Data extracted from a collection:
::::::::::

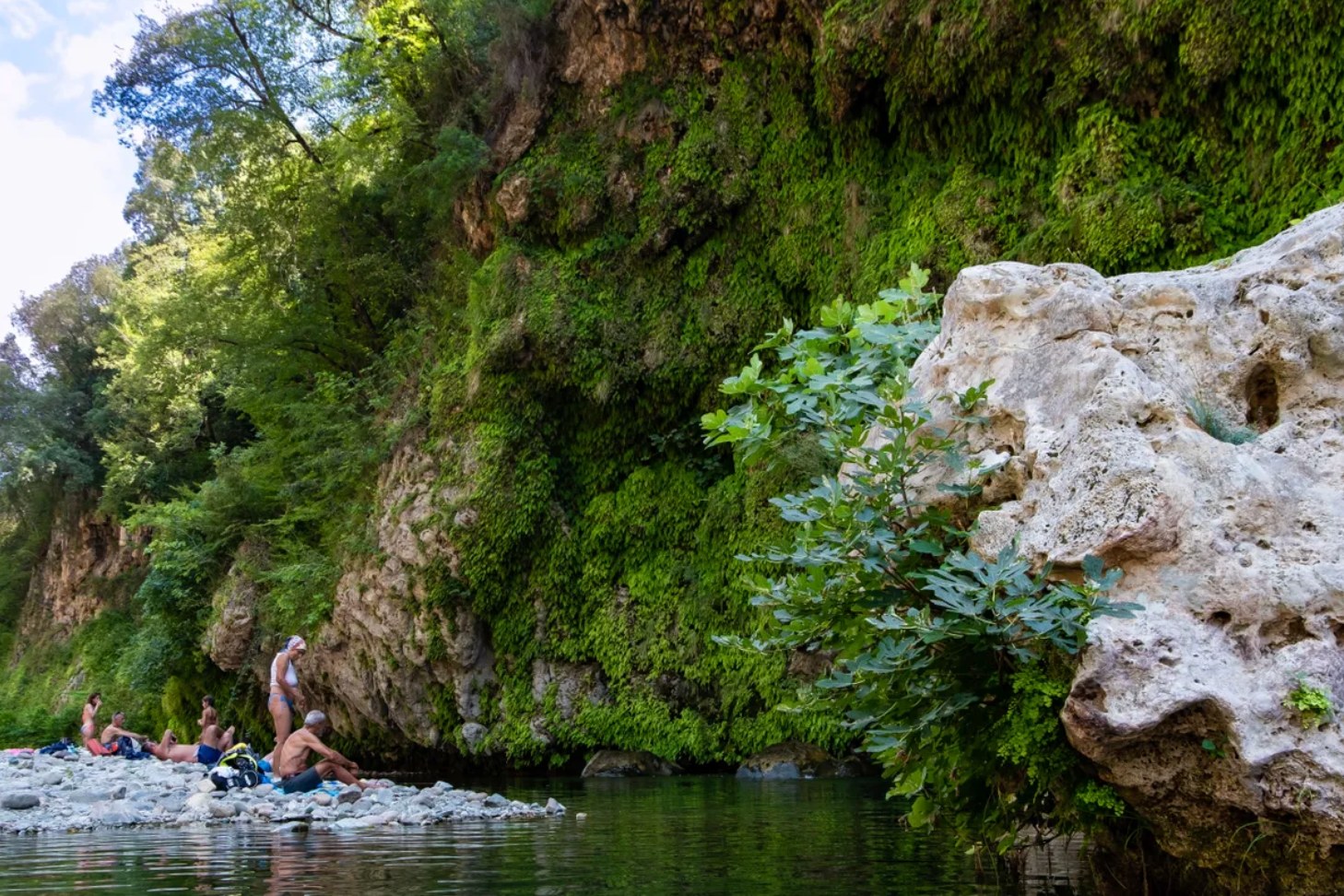 Be careful on the trail down to the water—it’s slippery!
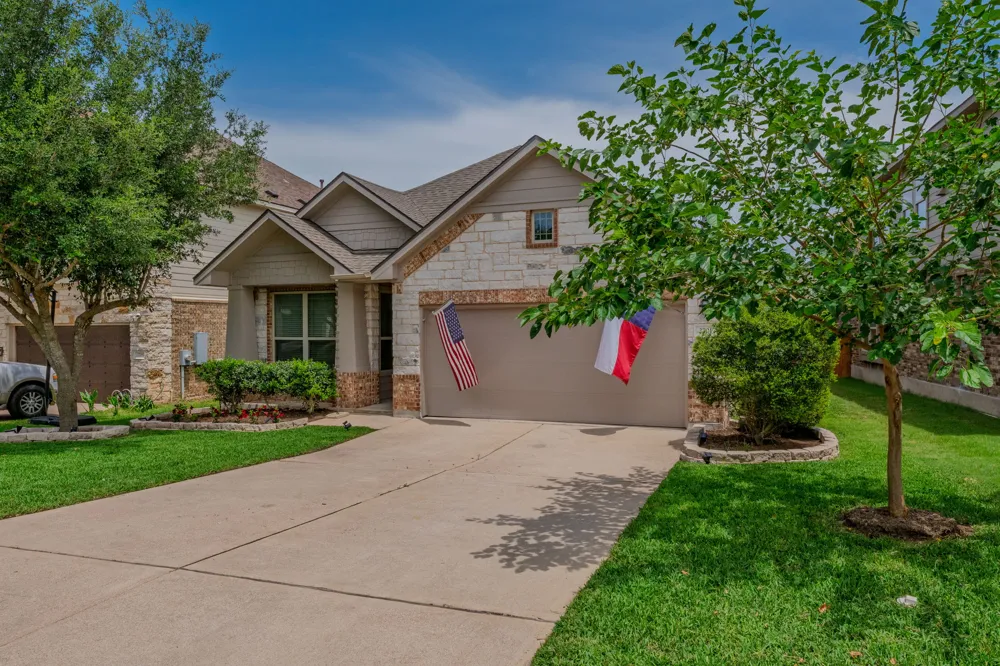 2701 Auburn Chestnut Lane Pflugerville, TX 78660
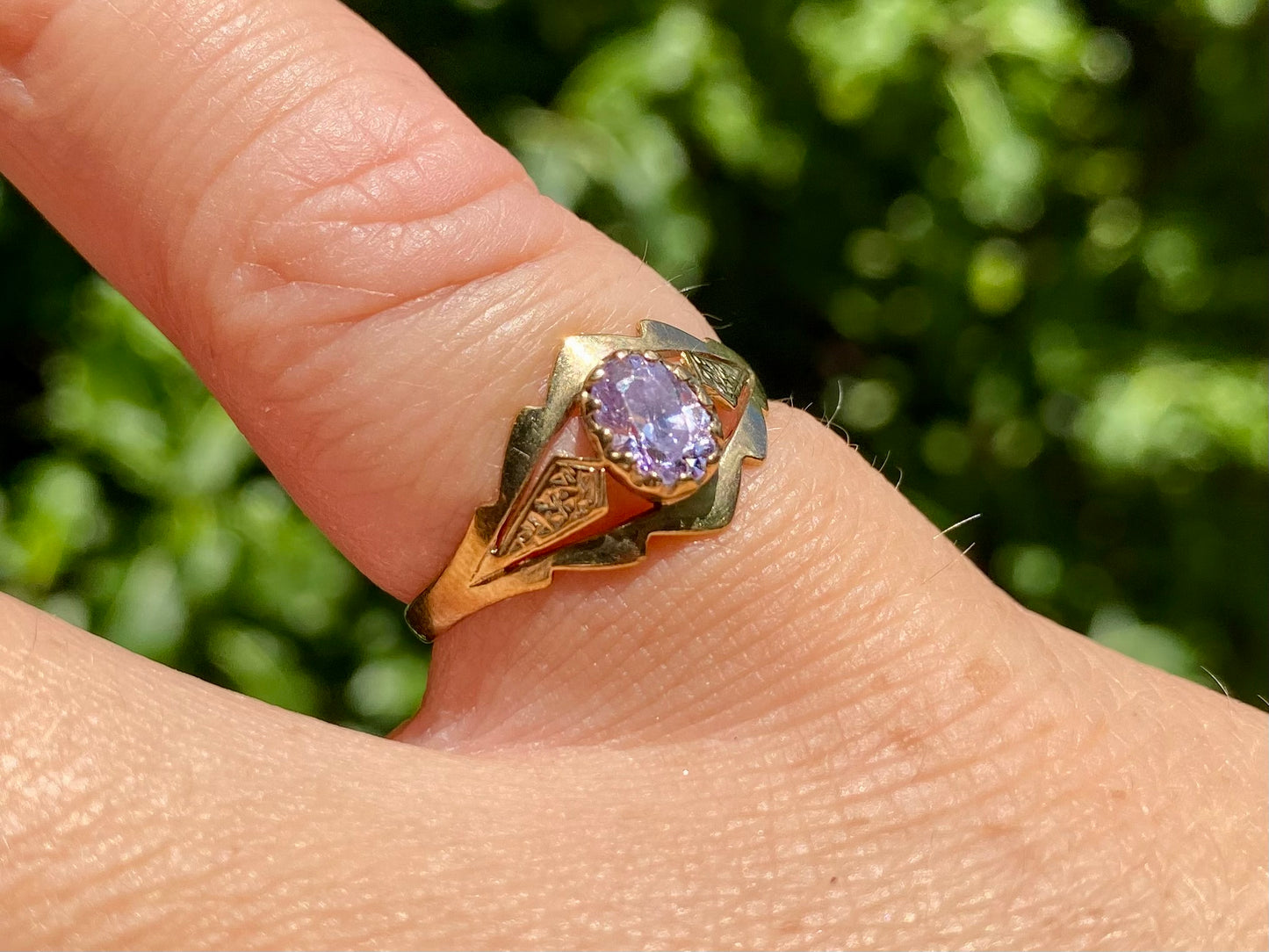 Vintage 9ct Gold Amethyst Ring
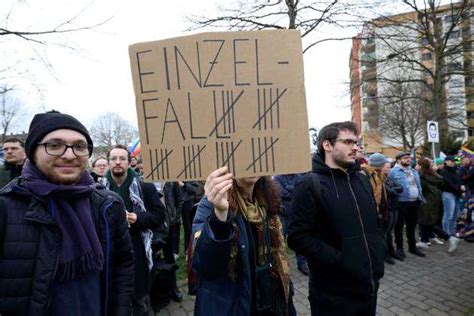 Bundesweite Gedenkdemonstration Vier Jahre Nach Dem Rassistischen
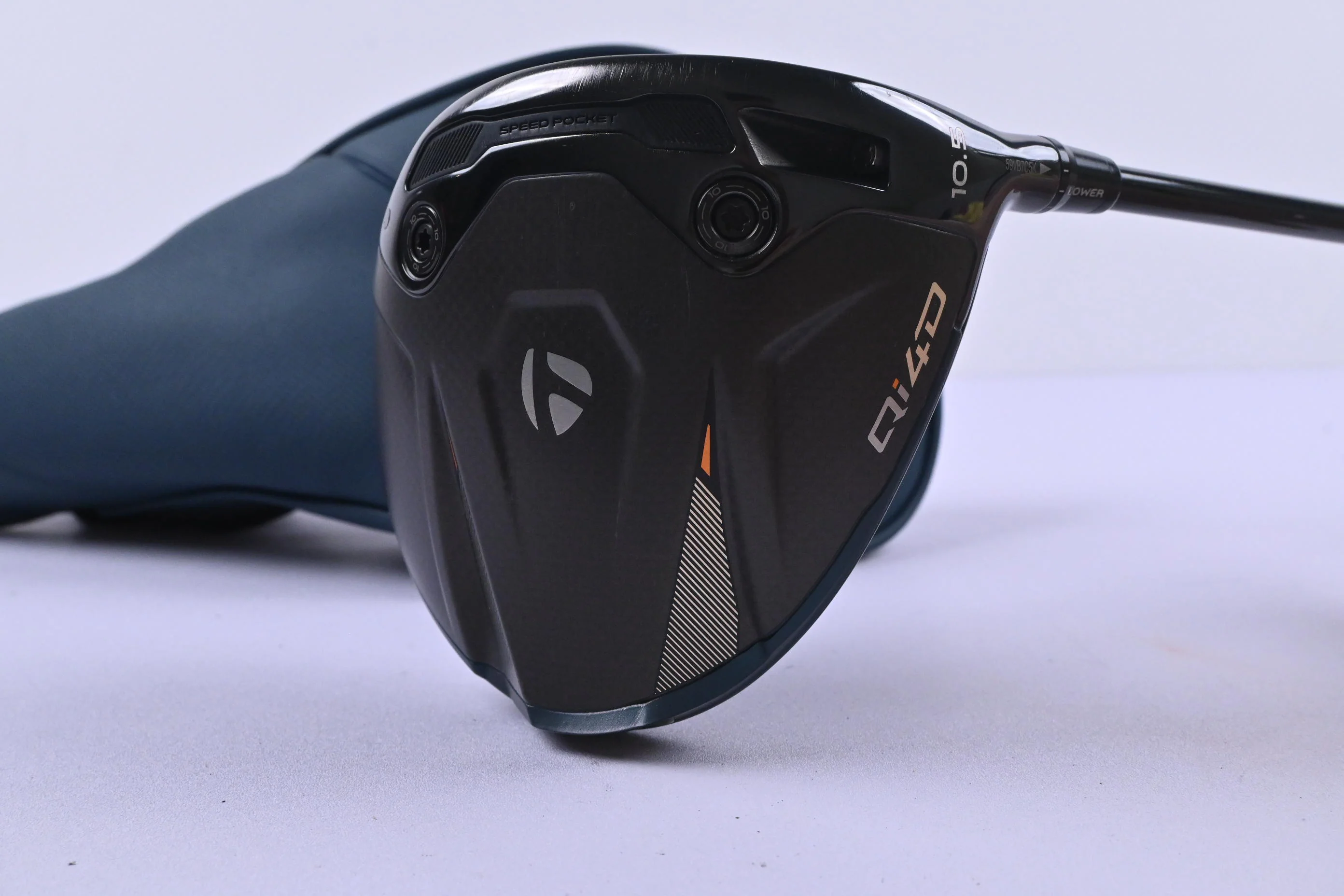 Taylormade Qi4D Driver / 10.5 Degree / X-Flex HZRDUS Smoke Blue RDX 60 Shaft - Image 2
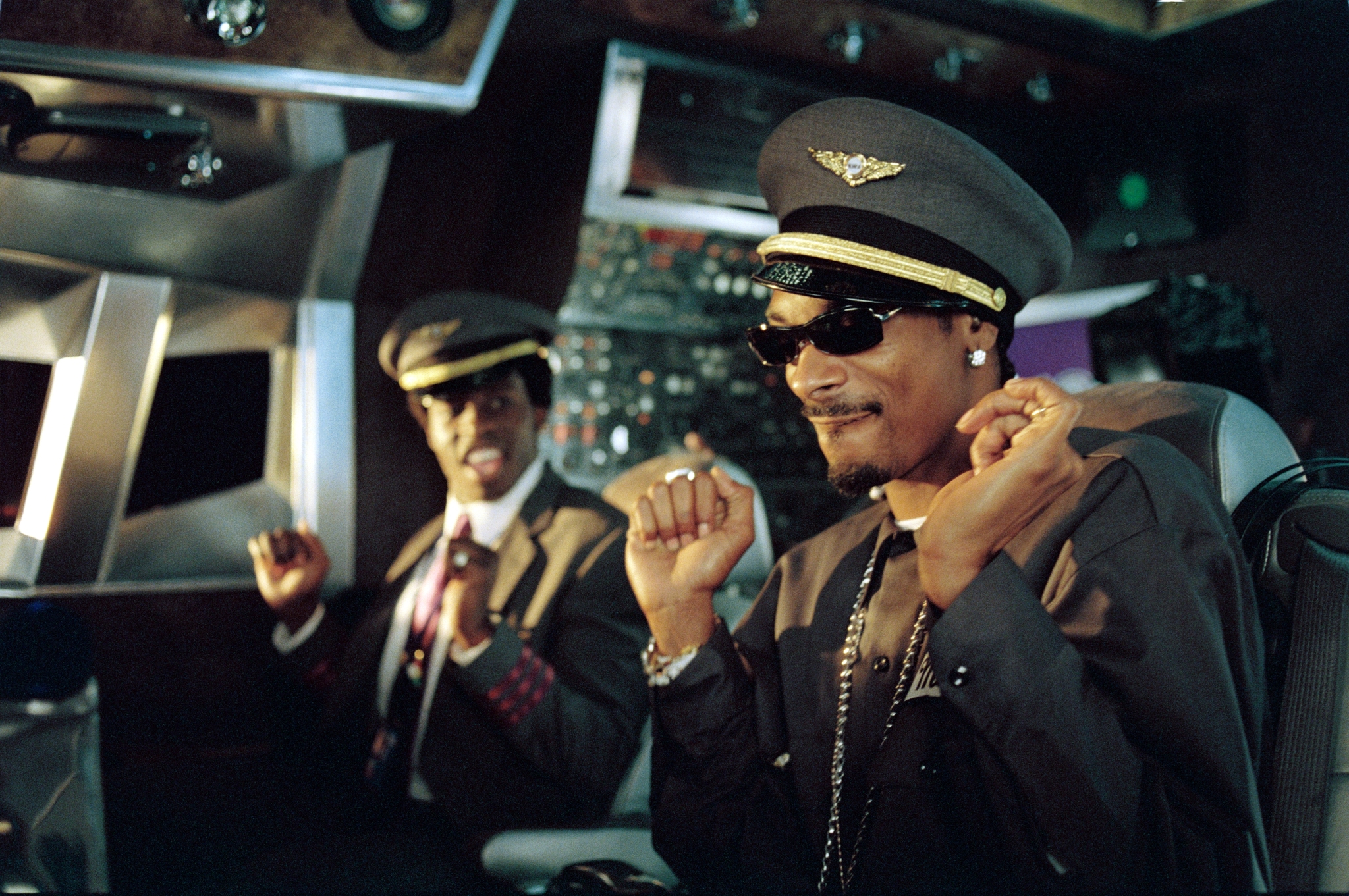 Still of Snoop Dogg and Godfrey in Soul Plane (2004)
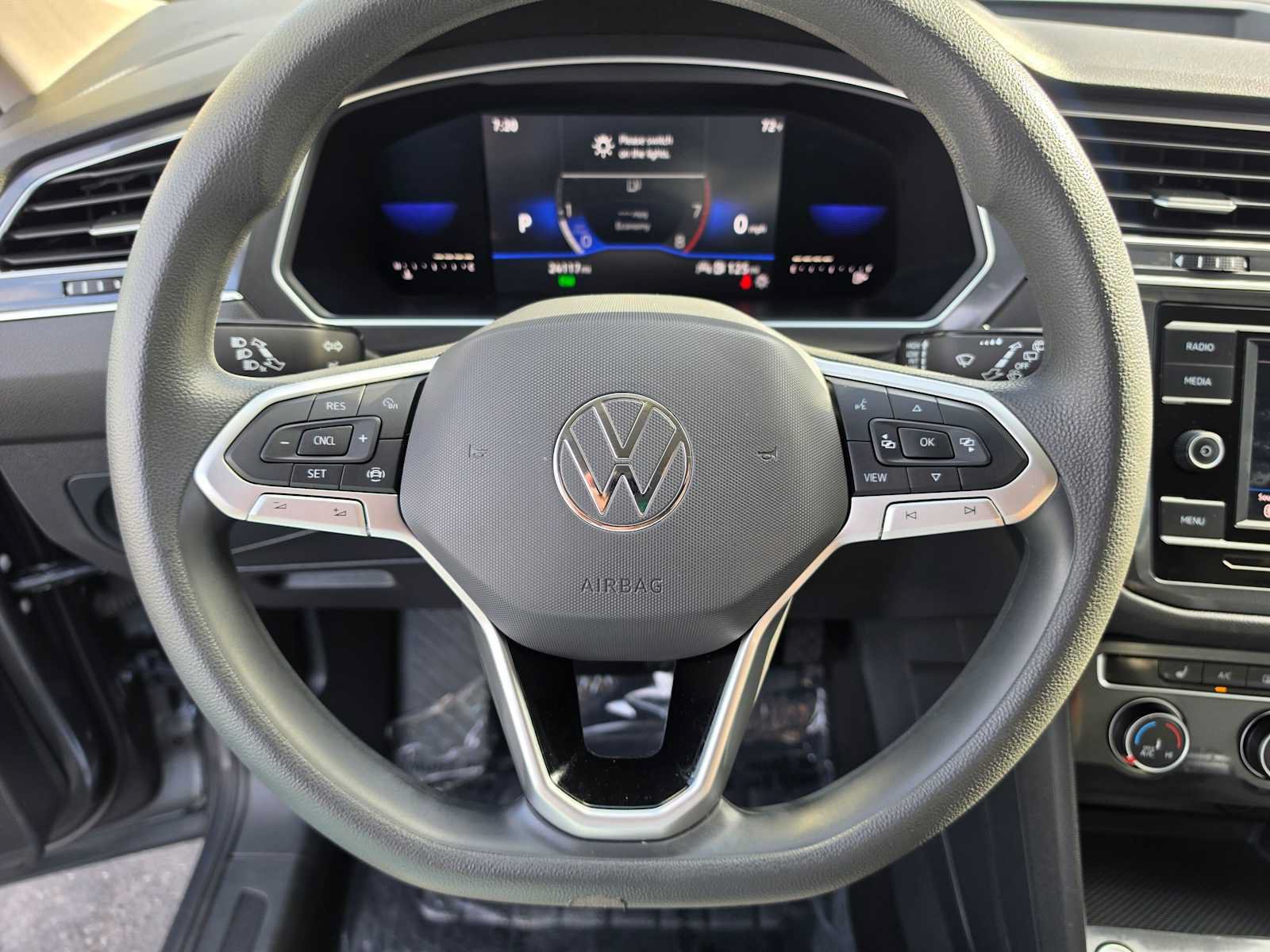 Used 2022 Volkswagen Tiguan S FWD image 24
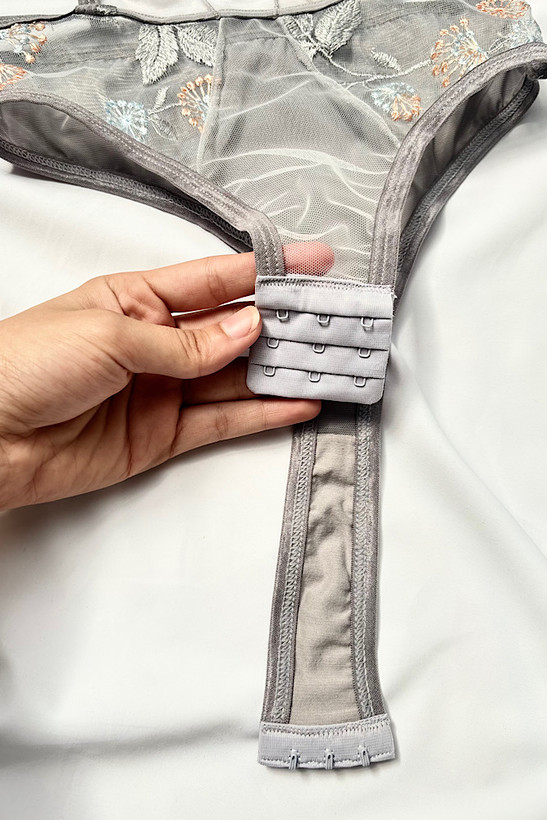 بادی فانتزی زنانه گلدوزی شده توری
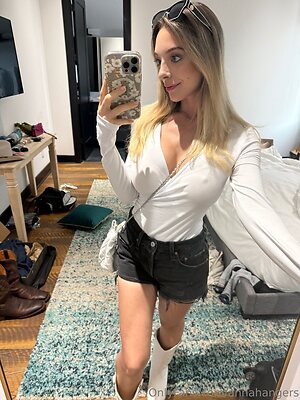 annahangers Nude Leaked Photo #5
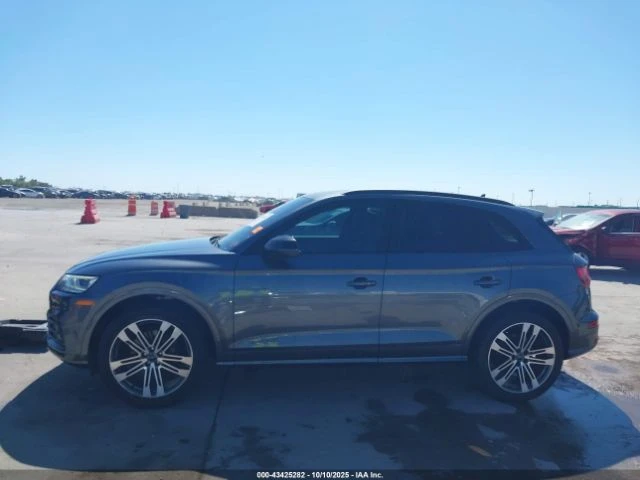 Audi SQ5 3.0T PREMIUM, снимка 13 - Автомобили и джипове - 52735917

::::::::::

* **ABOUT THIS TASK**
When you transcribe the entries above, keep every word exact and leave out the pictures.

* **ANSWER BELOW**
 Be careful on the trail down to the water—it’s slippery!
 2701 Auburn Chestnut Lane Pflugerville, TX 78660
 Vintage 9ct Gold Amethyst Ring
 Bundesweite Gedenkdemonstration Vier Jahre Nach Dem Rassistischen
 Taylormade Qi4D Driver / 10.5 Degree / X-Flex HZRDUS Smoke Blue RDX 60 Shaft - Image 2
 Still of Snoop Dogg and Godfrey in Soul Plane (2004)
 Used 2022 Volkswagen Tiguan S FWD image 24
 بادی فانتزی زنانه گلدوزی شده توری
 annahangers Nude Leaked Photo #5
 Audi SQ5 3.0T PREMIUM, снимка 13 - Автомобили и джипове - 52735917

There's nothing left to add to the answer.